If the Scheduler cannot find candidates for the next instance, it means that there are no appropriate hosts where that instance can be scheduled.

The Filter Scheduler has to be quite flexible to support the required variety of filtering and weighting strategies. If this flexibility is insufficient you can implement your own filtering algorithm.

There are many standard filter classes which may be used (nova.scheduler.filters):

  • AllHostsFilter - does no filtering. It passes all the available hosts.

  • ImagePropertiesFilter - filters hosts based on properties defined on the instance’s image. It passes hosts that can support the properties specified on the image used by the instance.

  • AvailabilityZoneFilter - filters hosts by availability zone. It passes hosts matching the availability zone specified in the instance properties. Use a comma to specify multiple zones. The filter will then ensure it matches any zone specified.

  • ComputeCapabilitiesFilter - checks that the capabilities provided by the host compute service satisfy any extra specifications associated with the instance type. It passes hosts that can create the specified instance type.

    If an extra specs key contains a colon (:), anything before the colon is treated as a namespace and anything after the colon is treated as the key to be matched. If a namespace is present and is not capabilities, the filter ignores the namespace. For example capabilities:cpu_info:features is a valid scope format. For backward compatibility, when a key doesn’t contain a colon (:), the key’s contents are important. If this key is an attribute of HostState object, like free_disk_mb, the filter also treats the extra specs key as the key to be matched. If not, the filter will ignore the key.

    The extra specifications can have an operator at the beginning of the value string of a key/value pair. If there is no operator specified, then a default operator of s== is used. Valid operators are:

    * = (equal to or greater than as a number; same as vcpus case)
    * == (equal to as a number)
    * != (not equal to as a number)
    * >= (greater than or equal to as a number)
    * <= (less than or equal to as a number)
    * s== (equal to as a string)
    * s!= (not equal to as a string)
    * s>= (greater than or equal to as a string)
    * s> (greater than as a string)
    * s<= (less than or equal to as a string)
    * s< (less than as a string)
    * <in> (substring)
    * <all-in> (all elements contained in collection)
    * <or> (find one of these)
    
    Examples are: ">= 5", "s== 2.1.0", "<in> gcc", "<all-in> aes mmx", and "<or> fpu <or> gpu"
    

    some of attributes that can be used as useful key and their values contains:

    * free_ram_mb (compared with a number, values like ">= 4096")
    * free_disk_mb (compared with a number, values like ">= 10240")
    * host (compared with a string, values like: "<in> compute","s== compute_01")
    * hypervisor_type (compared with a string, values like: "s== QEMU", "s== powervm")
    * hypervisor_version (compared with a number, values like : ">= 1005003", "== 2000000")
    * num_instances (compared with a number, values like: "<= 10")
    * num_io_ops (compared with a number, values like: "<= 5")
    * vcpus_total (compared with a number, values like: "= 48", ">=24")
    * vcpus_used (compared with a number, values like: "= 0", "<= 10")
    
  • AggregateInstanceExtraSpecsFilter - checks that the aggregate metadata satisfies any extra specifications associated with the instance type (that have no scope or are scoped with aggregate_instance_extra_specs).
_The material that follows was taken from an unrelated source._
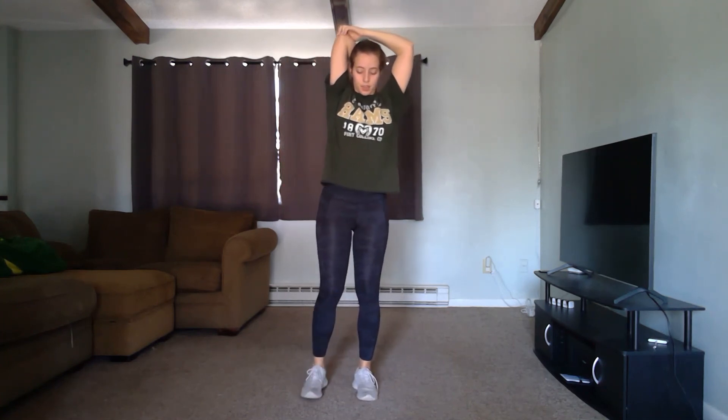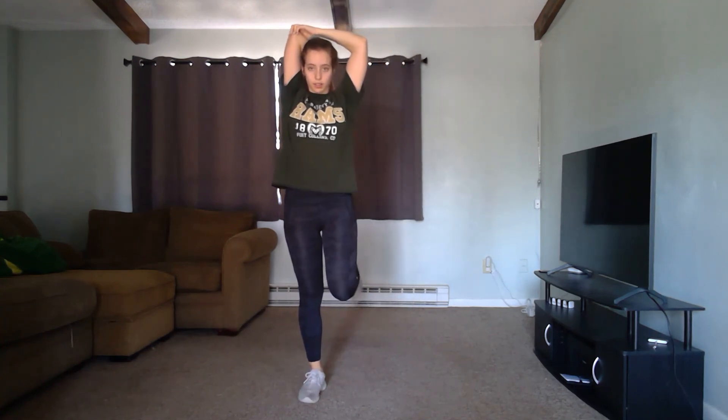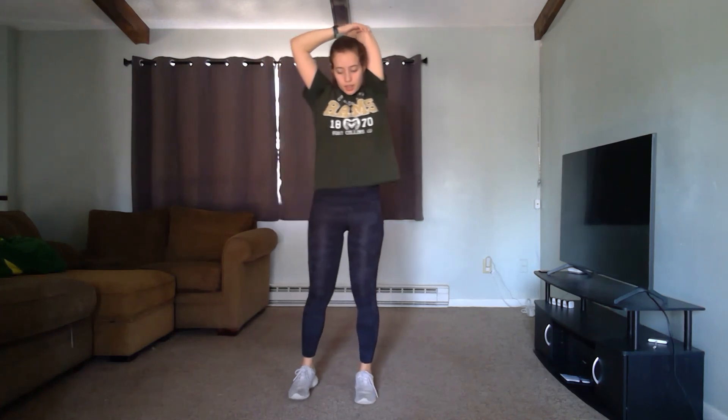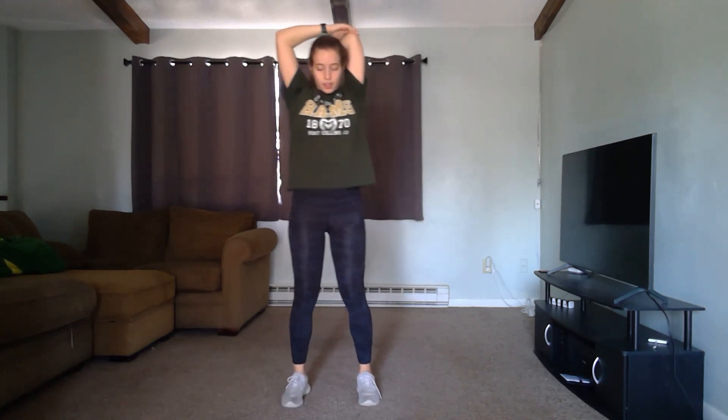We're going to go into our last movement — hamstring curls while we stretch out our shoulders. You're going to grab your elbow, pull it across and just feel that stretch. Make sure you're breathing. We're going to switch arms. Shake those legs out — I hope you guys had a great workout. Thanks for joining me, see you guys next time!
It passes hosts that can create the specified instance type. The extra specifications can have the same operators as ComputeCapabilitiesFilter. To specify multiple values for the same key use a comma. E.g., “value1,value2”. All hosts are passed if no extra_specs are specified.

  • ComputeFilter - passes all hosts that are operational and enabled.
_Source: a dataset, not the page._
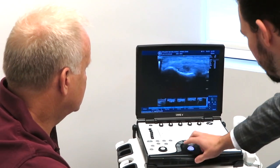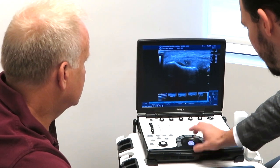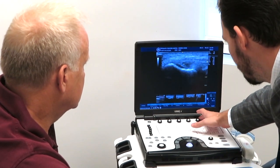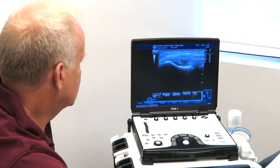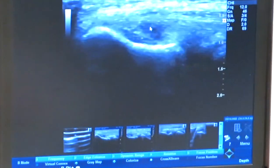And right around there, we start to notice that there is a little area of irregularity right where the tendon attaches. Right around there where the arrow is, is where we have an area of partial tearing with tendinopathy.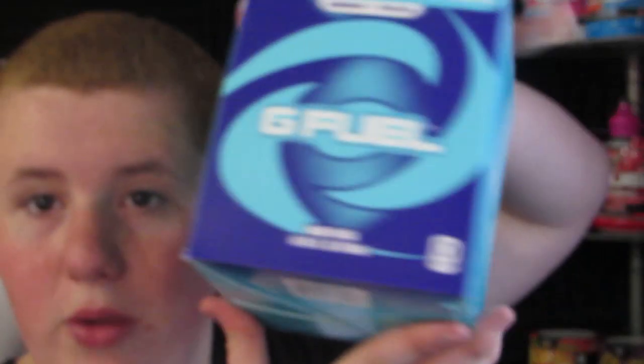But today we got some G Fuel — some good old canned G Fuel, RTD G Fuel. And you wouldn't guess the flavor, guys: Nemesis Tea, which is the Resident Evil 3 flavor.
  • AggregateCoreFilter - DEPRECATED; filters hosts by CPU core number with per-aggregate cpu_allocation_ratio setting. If no per-aggregate value is found, it will fall back to the global default cpu_allocation_ratio. If more than one value is found for a host (meaning the host is in two different aggregates with different ratio settings), the minimum value will be used.

  • IsolatedHostsFilter - filter based on filter_scheduler.isolated_images, filter_scheduler.isolated_hosts and filter_scheduler.restrict_isolated_hosts_to_isolated_images flags.

  • JsonFilter - allows simple JSON-based grammar for selecting hosts.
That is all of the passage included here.